Exercise description: Quote exactly, and only, the lines of the material below from the line with "Hot Djerf Avenue Fitted Shirt Pinstripe" through the line with "Parkoviště ul. Josefa Knihy, Rokycany".

** Opening Excerpted data block **

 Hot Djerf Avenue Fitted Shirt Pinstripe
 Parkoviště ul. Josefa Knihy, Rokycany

** Closing Excerpted data block **
** Opening Excerpted data block **

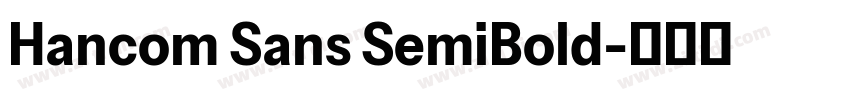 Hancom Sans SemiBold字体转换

** Closing Excerpted data block **

Output for this task:
 Hot Djerf Avenue Fitted Shirt Pinstripe
 Parkoviště ul. Josefa Knihy, Rokycany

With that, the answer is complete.